Problem requirements
Each line of the records that follow must come back exactly, with pictures skipped.

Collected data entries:
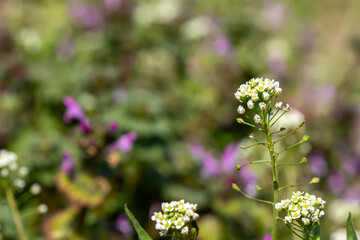 春の野原に咲くナズナ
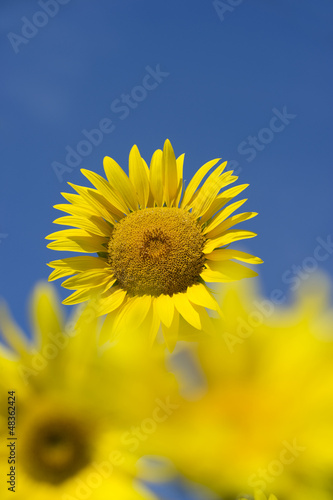 Sonnenblumen 3
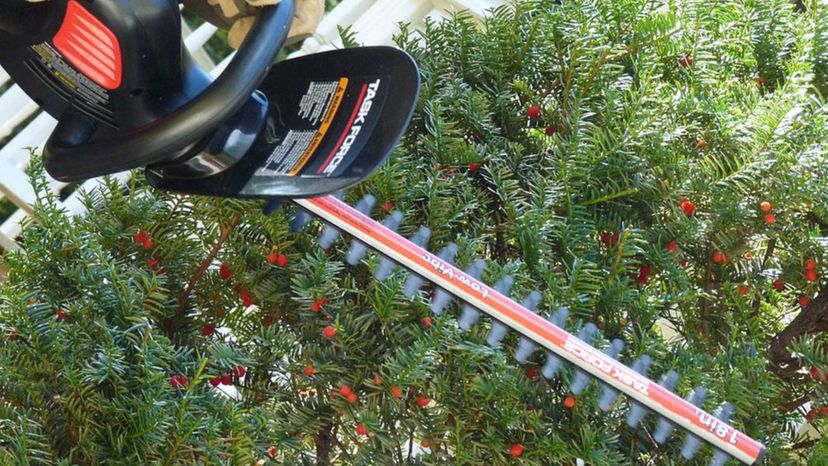 Hedge Trimmer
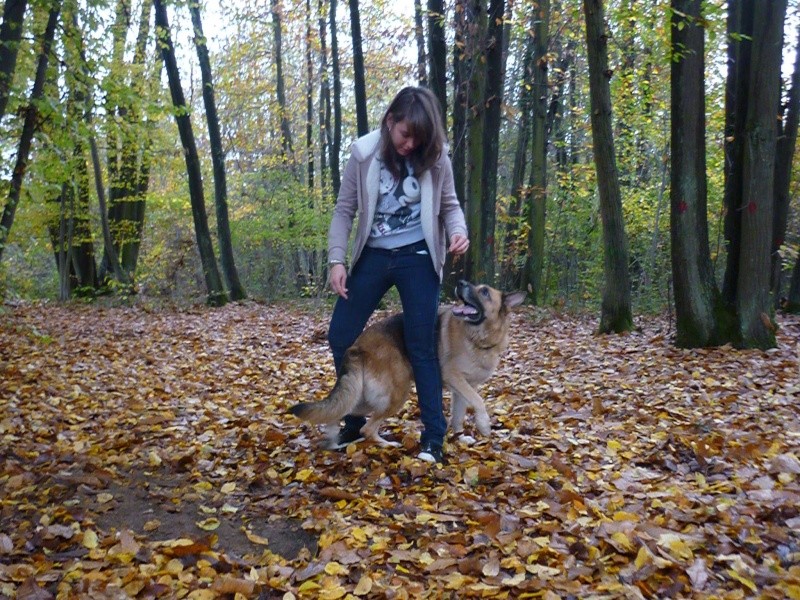 BAIKA, 6 ans, Adoptée par Maud. - Page 2 5novem11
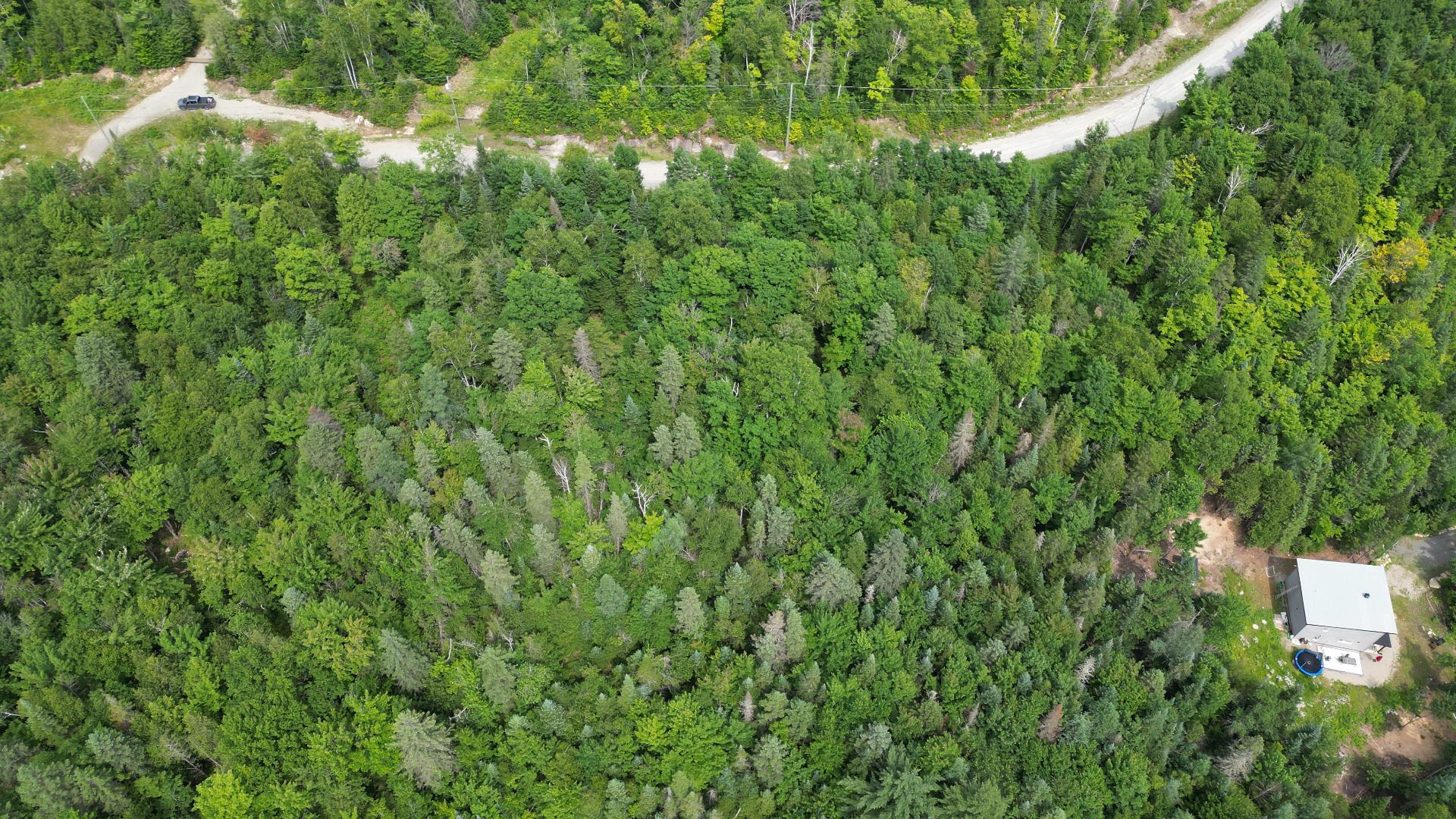 Photo - Terre/Terrain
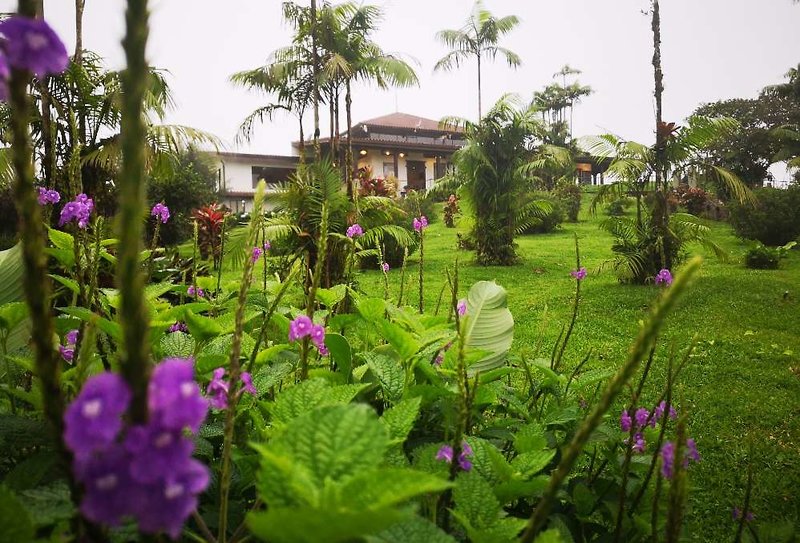 villa blanca cloud forest hotel retreat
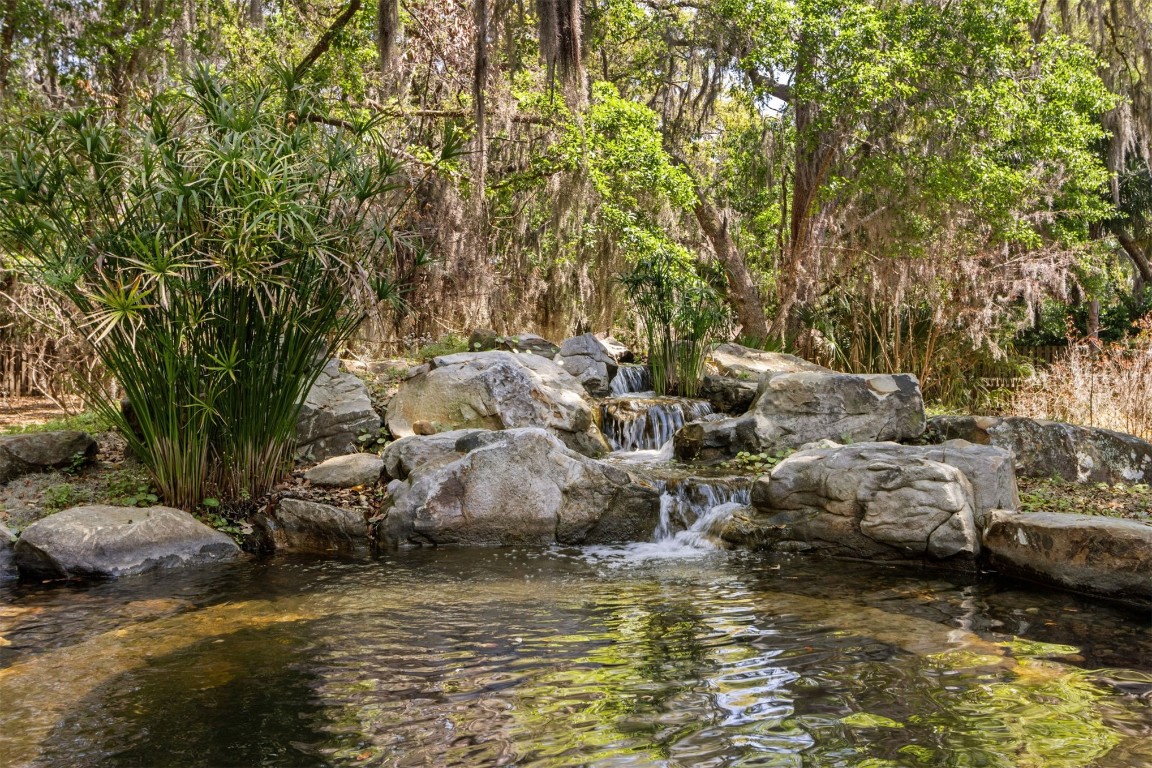 95112 Spring Blossom Court, Fernandina Beach, Florida image 5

Your response
 春の野原に咲くナズナ
 Sonnenblumen 3
 Hedge Trimmer
 BAIKA, 6 ans, Adoptée par Maud. - Page 2 5novem11
 Photo - Terre/Terrain
 villa blanca cloud forest hotel retreat
 95112 Spring Blossom Court, Fernandina Beach, Florida image 5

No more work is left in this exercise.